Lucene.Net is currently undergoing incubation at the Apache Software Foundation. Its source code is held in a subversion repository and can be found here. If you need help downloading the source, you can use the free TortoiseSVN, or RapidSVN. The Lucene.Net project always welcomes new contributors. And, remember, there are many ways to contribute to an open source project other than writing code.

How Do I Get Lucene.Net to Work with Synonyms?

The goal here is to be able to search for a word and be able to retrieve results that contain words that have the same meaning as the words you are searching for. This will allow you to be able to kind of search by meaning than search by the keywords.

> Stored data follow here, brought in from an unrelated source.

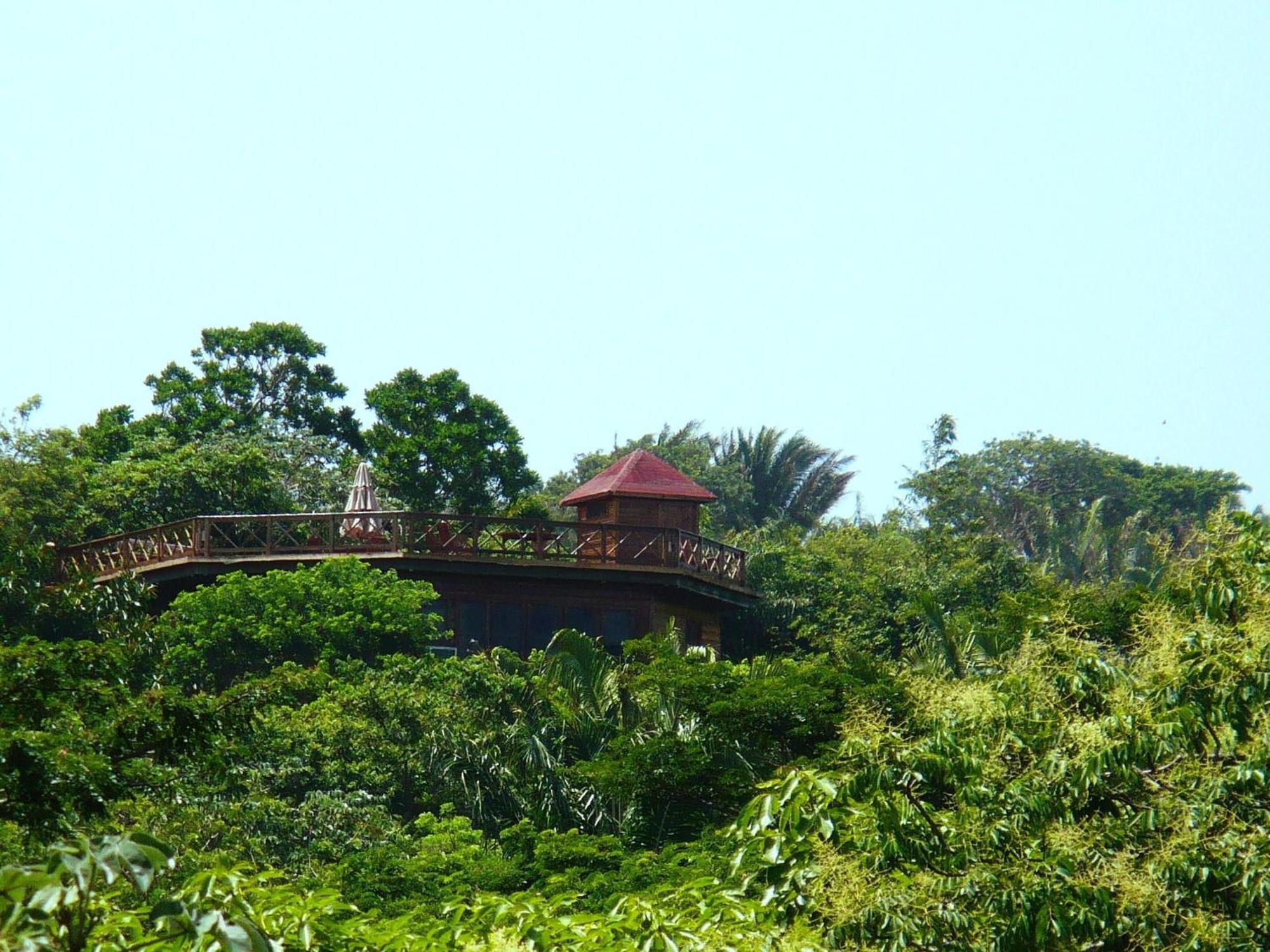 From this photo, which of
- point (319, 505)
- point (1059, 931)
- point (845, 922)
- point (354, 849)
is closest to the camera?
point (1059, 931)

We can easily get Lucene.Net to work with synonyms by creating a custom Analyzer class. The Analyzer will be able to inject the synonyms into the full text index. For some details on the internals of an Analyzer, please see my previous article Lucene.Net – Text Analysis.

Creating the Analyzer 

The first thing we want to do is sort of abstract the work of getting the synonyms. So we will create a simple interface to do this.

C#
public interface ISynonymEngine
{
    IEnumerable<string> GetSynonyms(string word);
}

Great, now let’s work on an implementation of the synonym engine.

C#
public class XmlSynonymEngine : ISynonymEngine
    {
        //this will contain a list, of lists of words that go together
        private List<ReadOnlyCollection<string>> SynonymGroups =
            new List<ReadOnlyCollection<string>>();

        public XmlSynonymEngine(string xmlSynonymFilePath)
        {
            // create an XML document object, and load it from the specified file.
            XmlDocument Doc = new XmlDocument();
            Doc.Load(xmlSynonymFilePath);

            // get all the <group> nodes
            var groupNodes = Doc.SelectNodes("/synonyms/group");

            //enumerate groups
            foreach (XmlNode g in groupNodes)
            {
                //get all the <syn> elements from the group nodes.
                XmlNodeList synNodes = g.SelectNodes("child::syn");

                //create a list that will hold the items for this group
                List<string> synonymGroupList = new List<string>();

                //enumerate them and add them to the list,
                //and add each synonym group to the list
                foreach (XmlNode synNode in g)
                {
                    synonymGroupList.Add(synNode.InnerText.Trim());
                }

                //add single synonym group to the list of synonm groups.
                SynonymGroups.Add(new ReadOnlyCollection<string>(synonymGroupList));
            }

            // clear the XML document
            Doc = null;
        }

        #region ISynonymEngine Members

        public IEnumerable<string> GetSynonyms(string word)
        {
            //enumerate all the synonym groups
            foreach (var synonymGroup in SynonymGroups)
            {
                //if the word is a part of the group return 
                //the group as the results.
                if (synonymGroup.Contains(word))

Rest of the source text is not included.